The program initially was unprofitable. For their first 20 years the regional corporations collectively sustained an average annual loss of 3.9 percent, according to a 2001 report by Steve Colt, an associate professor of economics at the University of Alaska Anchorage who has studied ANC data.
But, business began to pick up in 1992 when then-Sen. Ted Stevens, R-Alaska, drafted legislation that ANCs, along with companies owned by native Hawaiian organizations and Indian tribes, should be considered small and disadvantaged, and eligible to participate in the Small Business Administration's 8(a) Business Development program.
Stevens later gained additional advantages for ANCs, allowing them to earn sole source contracts of any value and to have multiple subsidiary firms in the 8(a) program concurrently.
The changes paid off. A 2006 Native American Contractors Association survey found that more than $33 million in dividends distributed in 2005 by 10 regional corporations and two village corporations were attributable specifically to federal contracts.

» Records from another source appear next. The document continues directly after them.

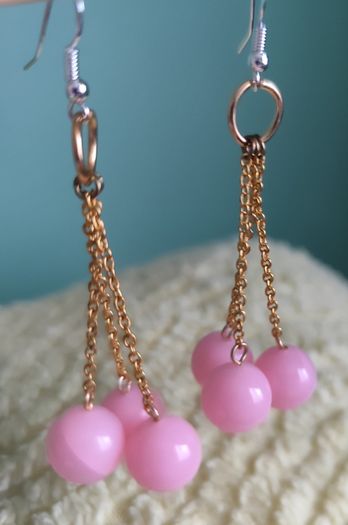 Pink Drop Earrings / Handmade New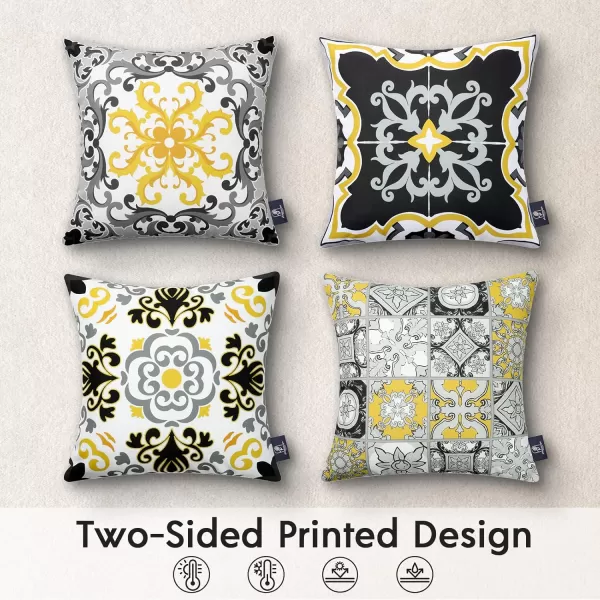 Phantoscope Set of 4 Outdoor Waterproof Throw Pillow CoversGeometric Decorative Boho Farmhouse Outdoor Pillows Cushion Case for Home Patio Furnitures Tent Sunbrella Blue and Green 18x18 InchesBlackGreyYellow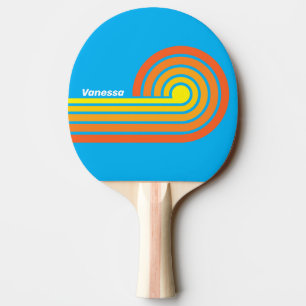 Raquette De Ping Pong Rayons de soleil mer Curl rayures avec nom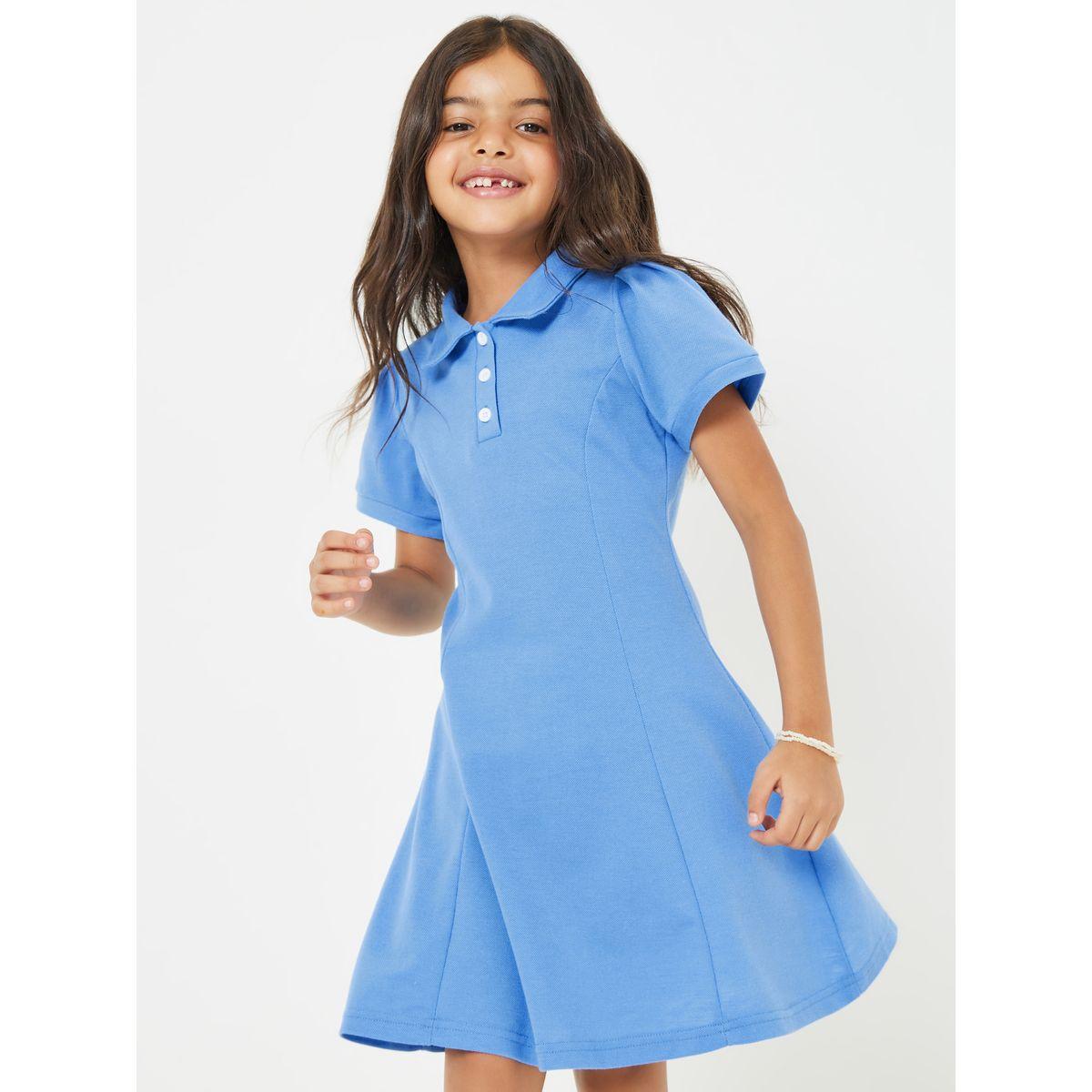 Styli Polo Neck Fold Pleated Smock Dress-girls-clothing-dressesandjumpsuits-image-1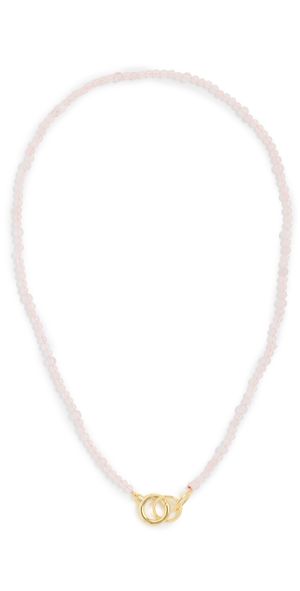 Gorjana Power Gemstone Beaded Necklace Gold/Rose Quartz One Size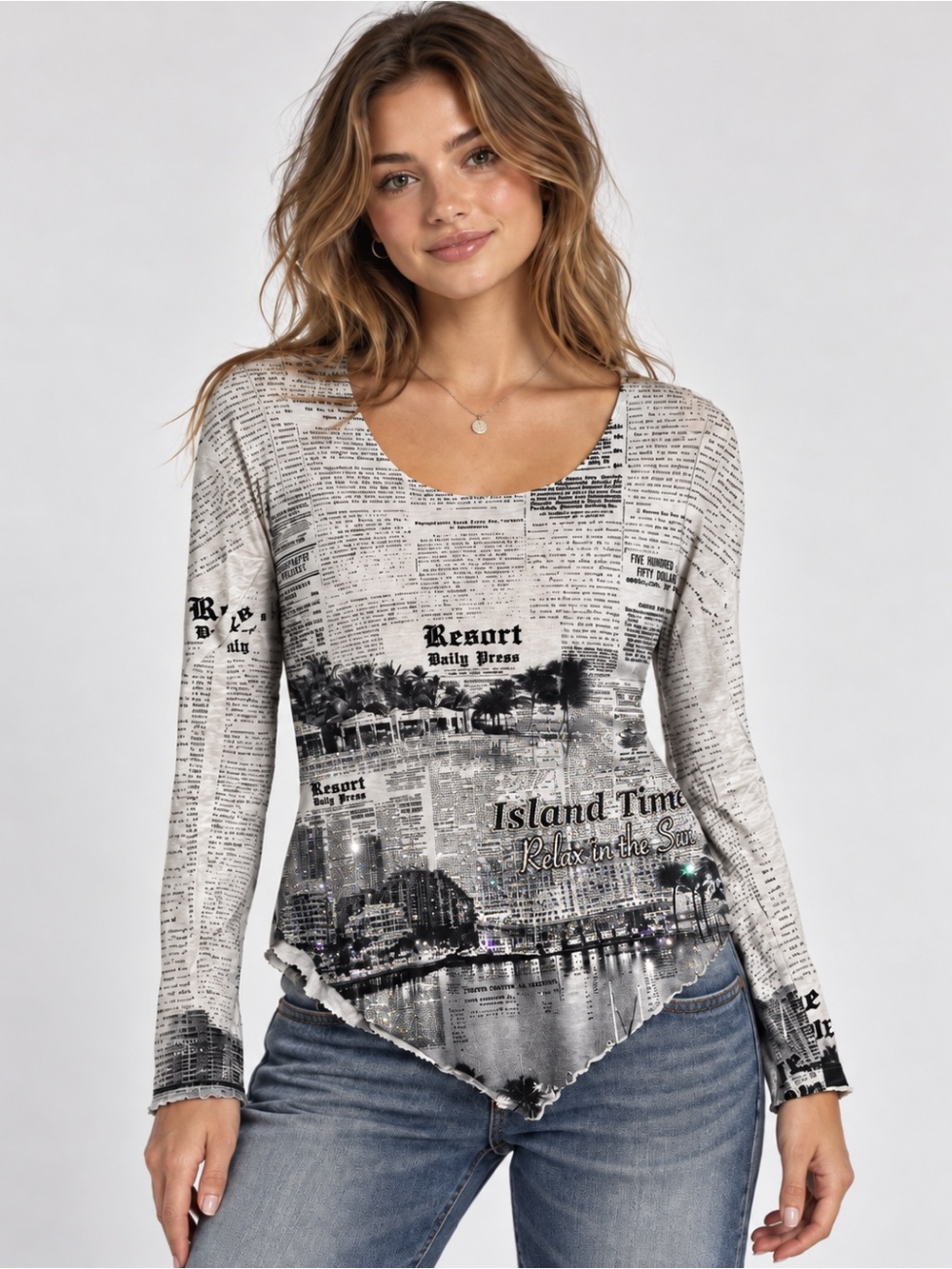 Pretty Woman Y2K Newspaper Cityscape Rhinestone Asymmetrical Top Size S Made USA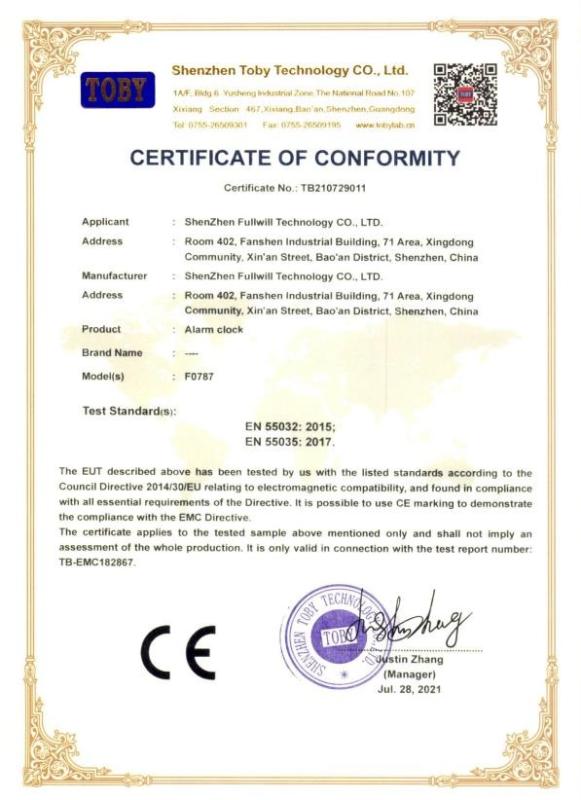 CE - Shenzhen Fullwill Technology Co., Ltd.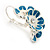 C-Shape White/ Blue Enamel Floral Earrings In Silver Tone With Leverback Closure - 30mm L - view 2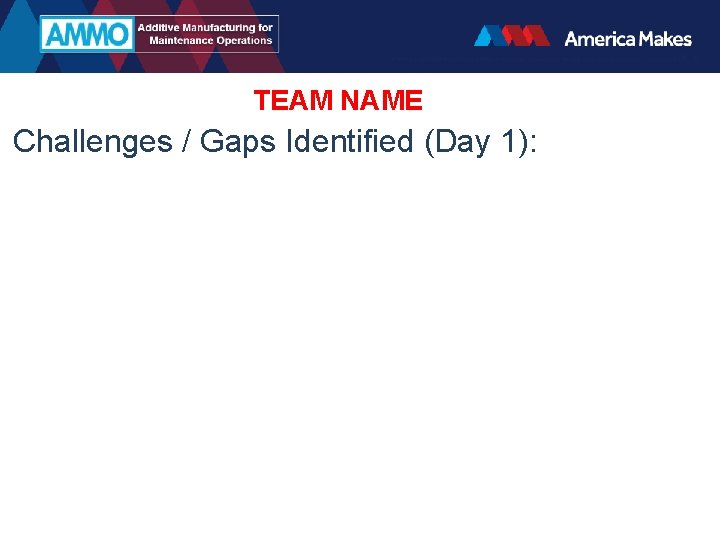 TEAM NAME Challenges / Gaps Identified (Day 1):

ANCs point out those figures can be deceiving. The 12 regional and village corporations cited in the survey had more than 86,000 shareholders, greatly diminishing the size of members' individual dividends.
A successful ANC, however, can make a measurable difference for the native population. For example, in 2005 Afognak Native Corporation paid $10.8 million in dividends for its nearly 700 shareholders, or more than $15,000 per person, according to a 2007 report commissioned by NACA.
At Arctic Slope Regional Corporation in Alaska's North Slope, $35 is paid to shareholders for every $100 earned. The remainder is reinvested in the company to grow the value of shareholder stock, said Tara Sweeney, spokeswoman for corporation, which has earned nearly $3 billion in federal contracts since 2000.
"The 8(a) program contributes to ASRC's overall mission to enhance the cultural and economic freedom of our 10,000 Iñupiat Eskimo members, our shareholders," Sweeney said. "Forty percent of our shareholder population is under the age of 18. The revenues generated from our 8(a) operations are applied to shareholder training and education programs; they contribute to building our education foundation and meaningful partnerships with education institutions."
The program's impact on local jobs is somewhat less encouraging. The NACA survey showed that the 8(a) contracts held by 12 regional or village corporations generated 9,750 jobs in Alaska, but less than one third were filled by native Alaskans.
The corporations defend their hiring practices, arguing they must balance competing objectives: the desire hire local shareholders and the need for experienced and specialized employees.
But, while ANCs concede their program has flaws, they caution that congressional proposals to scale back their contracting preferences are not only unnecessary, but could have devastating results.
"It would have a significant negative impact and would result in increasing unemployment, and of course, the direct benefit to tribal members and shareholders would evaporate," said Chris E. McNeil Jr., chief executive officer of Sealaska, a regional corporation in southeast Alaska. "You need to remember, they don't have casinos. They need to find any entrepreneurial activity to sustain an economic future for themselves. So if this was to disappear it would create a very significant hole in the revenue and also in their opportunity for professional advancement."